BT sent details of some of its customers in an unencrypted Excel spreadsheet via email to ACS:Law, the ISP admitted on Tuesday.
In a thread on BT's support forums, customers of the ISP questioned a company moderator on the issue of ACS:Law's leaked emails, which included the personal details of thousands of people accused of unlawfully sharing pornography and other media online. The moderator responded that BT had indeed sent such details to ACS:Law unencrypted, but did not say for sure whether those details had been leaked.
"In answer to the question above about whether we sent out customer details in unencrypted files, I can confirm that this did happen but has no bearing on the current situation," 'NigelE' wrote. "We are investigating how this occurred as we have robust systems for managing data."

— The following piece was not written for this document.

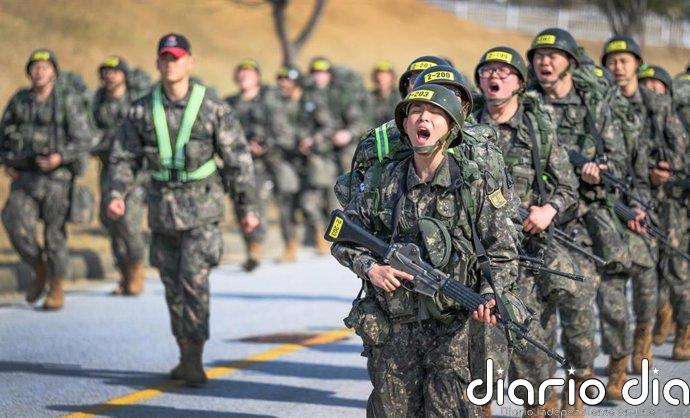 El Gobierno surcoreano anuncia el final de las exenciones al servicio militar a deportistas y artistas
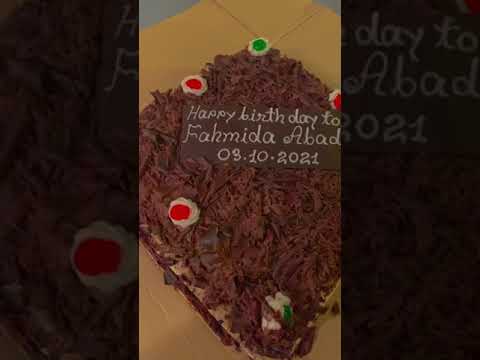 It’s my birthday 🥳 tadaaaa💕🙃/Fahmida’S world//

"We have already ensured that this will not happen again. In this circumstance our legal department sent data to a firm of solicitors (ACS:Law) which reached them safely and we trusted that they would keep the data safe. At a later date, due to an attack on the systems of the law firm, data was leaked, which was outside of our control. At this time we do not believe any of BT's customers details have been compromised by this leak, although we are continuing to pressure ACS:Law for confirmation of this."
NigelE also noted that, while BT was obligated by a court order to send the details to ACS:Law, the ISP was now reviewing its policy in this regard.
"Our first concern is with our customers but we have been obliged to respond to court orders requiring that we disclose customer data," he wrote. "However, there is increasing evidence that there are deep concerns regarding the integrity of the process being used by rights holders to obtain customer data from ISPs for pursuing alleged copyright infringements."
"We need to have further confidence that the initial information gathered by rights holders is robust and that our customers will not be treated unfairly. We are urgently exploring how this can be assured, including through the assistance of the courts."
Members of the forum subsequently pointed out that BT might be in breach of the Data Protection Act for sending the details unencrypted. The Information Commissioner's Office told ZDNet UK on Wednesday that it was looking into the matter as part of its enquiries around the ACS:Law breach.
Rivals such TalkTalk and Virgin Media have not agreed to disclose such information to ACS:Law, which acts on behalf of rights holders and tells suspected infringers that they have to pay hundreds of pounds or face court action. Despite thousands of such letters being sent out, not a single case appears to have gone to court.